IBBT-Vision Lab, University of Antwerp Universiteitsplein 1, B-2610, Wilrijk, Belgium.
J Struct Biol. 2011 Nov;176(2):250-3. doi: 10.1016/j.jsb.2011.07.017. Epub 2011 Aug 5.
Iterative reconstruction algorithms are becoming increasingly important in electron tomography of biological samples. These algorithms, however, impose major computational demands. Parallelization must be employed to maintain acceptable running times. Graphics Processing Units (GPUs) have been demonstrated to be highly cost-effective for carrying out these computations with a high degree of parallelism. In a recent paper by Xu et al. (2010), a GPU implementation strategy was presented that obtains a speedup of an order of magnitude over a previously proposed GPU-based electron tomography implementation. In this technical note, we demonstrate that by making alternative design decisions in the GPU implementation, an additional speedup can be obtained, again of an order of magnitude. By carefully considering memory access locality when dividing the workload among blocks of threads, the GPU's cache is used more efficiently, making more effective use of the available memory bandwidth.

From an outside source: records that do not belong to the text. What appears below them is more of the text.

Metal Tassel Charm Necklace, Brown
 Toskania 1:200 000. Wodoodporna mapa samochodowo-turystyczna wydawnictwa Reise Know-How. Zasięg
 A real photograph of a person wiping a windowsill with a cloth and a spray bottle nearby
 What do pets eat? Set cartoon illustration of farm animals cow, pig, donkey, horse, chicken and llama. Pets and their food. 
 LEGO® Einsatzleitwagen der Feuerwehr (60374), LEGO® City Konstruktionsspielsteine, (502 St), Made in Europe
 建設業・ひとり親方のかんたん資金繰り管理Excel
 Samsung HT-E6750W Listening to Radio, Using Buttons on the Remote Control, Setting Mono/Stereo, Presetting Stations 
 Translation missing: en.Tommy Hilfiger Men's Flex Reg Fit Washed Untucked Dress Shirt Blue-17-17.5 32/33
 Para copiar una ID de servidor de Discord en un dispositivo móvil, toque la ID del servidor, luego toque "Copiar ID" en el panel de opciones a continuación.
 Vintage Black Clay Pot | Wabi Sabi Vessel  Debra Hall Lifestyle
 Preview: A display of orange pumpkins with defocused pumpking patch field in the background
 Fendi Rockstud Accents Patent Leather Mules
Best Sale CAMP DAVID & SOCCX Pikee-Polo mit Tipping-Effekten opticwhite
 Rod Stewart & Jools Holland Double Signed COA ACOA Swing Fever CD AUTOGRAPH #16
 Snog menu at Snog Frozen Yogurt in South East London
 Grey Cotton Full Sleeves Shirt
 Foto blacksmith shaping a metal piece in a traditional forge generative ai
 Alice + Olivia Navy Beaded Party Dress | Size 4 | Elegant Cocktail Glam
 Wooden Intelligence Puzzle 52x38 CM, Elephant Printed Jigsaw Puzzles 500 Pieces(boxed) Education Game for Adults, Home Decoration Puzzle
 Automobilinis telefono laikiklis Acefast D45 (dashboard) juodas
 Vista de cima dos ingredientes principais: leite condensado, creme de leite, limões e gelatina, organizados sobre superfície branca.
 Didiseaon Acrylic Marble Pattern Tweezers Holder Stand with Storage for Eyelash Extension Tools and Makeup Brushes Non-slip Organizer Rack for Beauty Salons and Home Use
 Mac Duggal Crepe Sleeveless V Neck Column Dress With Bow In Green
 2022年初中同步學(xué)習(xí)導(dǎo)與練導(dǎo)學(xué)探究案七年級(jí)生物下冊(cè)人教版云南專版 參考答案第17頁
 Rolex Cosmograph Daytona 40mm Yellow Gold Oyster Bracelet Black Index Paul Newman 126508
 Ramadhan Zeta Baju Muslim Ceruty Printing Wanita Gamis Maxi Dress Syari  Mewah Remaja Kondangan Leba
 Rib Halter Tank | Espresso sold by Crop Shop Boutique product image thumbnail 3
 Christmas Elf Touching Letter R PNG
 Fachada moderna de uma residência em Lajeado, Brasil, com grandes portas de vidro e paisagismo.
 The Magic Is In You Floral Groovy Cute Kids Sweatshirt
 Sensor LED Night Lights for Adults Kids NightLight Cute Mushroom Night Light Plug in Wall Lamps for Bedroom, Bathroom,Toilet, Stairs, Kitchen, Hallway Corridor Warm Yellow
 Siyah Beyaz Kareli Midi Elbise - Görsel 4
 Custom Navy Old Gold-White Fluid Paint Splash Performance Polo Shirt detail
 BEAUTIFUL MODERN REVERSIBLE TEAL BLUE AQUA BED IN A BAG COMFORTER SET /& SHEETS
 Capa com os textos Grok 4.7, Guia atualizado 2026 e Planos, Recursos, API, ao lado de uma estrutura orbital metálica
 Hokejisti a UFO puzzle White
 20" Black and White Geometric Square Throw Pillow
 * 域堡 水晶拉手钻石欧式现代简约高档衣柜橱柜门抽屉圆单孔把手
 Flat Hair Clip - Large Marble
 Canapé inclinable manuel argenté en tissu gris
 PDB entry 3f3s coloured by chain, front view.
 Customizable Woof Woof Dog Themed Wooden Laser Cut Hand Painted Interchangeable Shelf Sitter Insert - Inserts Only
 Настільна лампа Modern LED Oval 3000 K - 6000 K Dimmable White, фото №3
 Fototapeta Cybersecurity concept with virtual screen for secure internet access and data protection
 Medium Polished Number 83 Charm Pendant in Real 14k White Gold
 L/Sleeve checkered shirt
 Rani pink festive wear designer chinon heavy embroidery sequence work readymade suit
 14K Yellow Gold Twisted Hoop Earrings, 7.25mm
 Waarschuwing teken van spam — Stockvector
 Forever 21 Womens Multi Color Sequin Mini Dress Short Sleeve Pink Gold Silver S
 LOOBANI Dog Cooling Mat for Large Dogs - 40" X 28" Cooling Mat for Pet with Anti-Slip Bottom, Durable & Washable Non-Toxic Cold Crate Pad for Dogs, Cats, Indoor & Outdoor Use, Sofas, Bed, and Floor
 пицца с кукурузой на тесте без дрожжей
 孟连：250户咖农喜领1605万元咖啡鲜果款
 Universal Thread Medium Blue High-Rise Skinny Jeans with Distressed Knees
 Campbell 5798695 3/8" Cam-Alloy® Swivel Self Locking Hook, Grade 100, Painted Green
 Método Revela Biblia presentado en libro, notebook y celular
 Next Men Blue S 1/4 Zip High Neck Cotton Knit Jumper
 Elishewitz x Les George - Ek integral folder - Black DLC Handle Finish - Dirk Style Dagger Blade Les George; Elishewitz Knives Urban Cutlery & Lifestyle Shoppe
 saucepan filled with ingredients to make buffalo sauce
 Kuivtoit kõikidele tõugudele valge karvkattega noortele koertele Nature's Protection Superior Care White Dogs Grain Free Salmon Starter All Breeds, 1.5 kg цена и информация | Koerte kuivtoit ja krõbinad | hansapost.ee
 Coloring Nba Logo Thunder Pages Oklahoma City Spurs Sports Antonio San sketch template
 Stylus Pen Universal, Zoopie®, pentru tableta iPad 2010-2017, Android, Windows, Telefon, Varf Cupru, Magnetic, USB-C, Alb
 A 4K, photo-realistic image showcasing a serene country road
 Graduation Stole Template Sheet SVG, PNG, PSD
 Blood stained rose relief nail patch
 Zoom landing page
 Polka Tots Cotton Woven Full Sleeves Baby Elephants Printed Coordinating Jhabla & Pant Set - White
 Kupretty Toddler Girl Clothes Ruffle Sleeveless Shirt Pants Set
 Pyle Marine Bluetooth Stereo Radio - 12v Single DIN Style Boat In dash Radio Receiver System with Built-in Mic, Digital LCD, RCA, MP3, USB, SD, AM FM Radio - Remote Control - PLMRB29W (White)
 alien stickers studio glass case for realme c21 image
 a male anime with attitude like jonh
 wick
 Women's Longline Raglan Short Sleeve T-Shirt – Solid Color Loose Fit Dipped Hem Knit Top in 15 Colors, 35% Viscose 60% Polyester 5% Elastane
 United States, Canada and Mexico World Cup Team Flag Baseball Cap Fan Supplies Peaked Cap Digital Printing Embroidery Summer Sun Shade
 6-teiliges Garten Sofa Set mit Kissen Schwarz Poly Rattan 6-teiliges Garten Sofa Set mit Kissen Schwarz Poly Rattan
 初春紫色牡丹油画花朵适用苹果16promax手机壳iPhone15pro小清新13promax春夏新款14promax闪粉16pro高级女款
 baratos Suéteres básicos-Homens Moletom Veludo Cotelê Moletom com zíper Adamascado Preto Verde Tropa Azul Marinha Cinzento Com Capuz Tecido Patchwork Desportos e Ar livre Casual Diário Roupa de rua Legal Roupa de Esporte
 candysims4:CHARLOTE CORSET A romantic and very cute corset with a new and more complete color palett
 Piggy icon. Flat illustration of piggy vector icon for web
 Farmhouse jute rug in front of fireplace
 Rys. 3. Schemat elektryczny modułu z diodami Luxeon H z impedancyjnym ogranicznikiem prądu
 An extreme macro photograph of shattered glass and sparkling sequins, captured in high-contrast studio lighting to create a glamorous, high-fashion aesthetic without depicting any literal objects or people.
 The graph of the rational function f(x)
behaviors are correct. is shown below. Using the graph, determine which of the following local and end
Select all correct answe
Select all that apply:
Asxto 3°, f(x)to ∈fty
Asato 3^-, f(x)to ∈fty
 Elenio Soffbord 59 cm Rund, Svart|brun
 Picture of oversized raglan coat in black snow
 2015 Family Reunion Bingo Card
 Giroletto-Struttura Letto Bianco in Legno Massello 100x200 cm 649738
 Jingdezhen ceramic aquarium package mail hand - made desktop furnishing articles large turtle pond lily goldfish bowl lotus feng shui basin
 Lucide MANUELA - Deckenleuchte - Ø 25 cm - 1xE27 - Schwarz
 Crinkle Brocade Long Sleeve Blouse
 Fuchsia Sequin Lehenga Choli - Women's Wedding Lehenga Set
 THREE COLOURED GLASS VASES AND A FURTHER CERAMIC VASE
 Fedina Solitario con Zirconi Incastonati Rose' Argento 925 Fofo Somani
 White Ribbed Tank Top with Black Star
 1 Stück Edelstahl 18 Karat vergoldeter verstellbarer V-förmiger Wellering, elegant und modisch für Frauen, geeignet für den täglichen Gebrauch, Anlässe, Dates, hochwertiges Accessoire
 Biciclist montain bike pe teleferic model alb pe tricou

迭代重建算法在生物样本的电子层析成像中变得越来越重要。然而,这些算法对计算提出了重大要求。必须采用并行化来保持可接受的运行时间。已经证明,图形处理单元 (GPU) 非常适合以高度并行的方式进行这些计算,具有很高的成本效益。在 Xu 等人最近的一篇论文中(2010 年),提出了一种 GPU 实现策略,与之前提出的基于 GPU 的电子层析成像实现相比,该策略的速度提高了一个数量级。在本技术说明中,我们证明通过在 GPU 实现中做出替代设计决策,可以再次获得一个数量级的额外加速。通过在将工作负载分配给线程块时仔细考虑内存访问局部性,可以更有效地利用 GPU 的缓存,从而更有效地利用可用的内存带宽。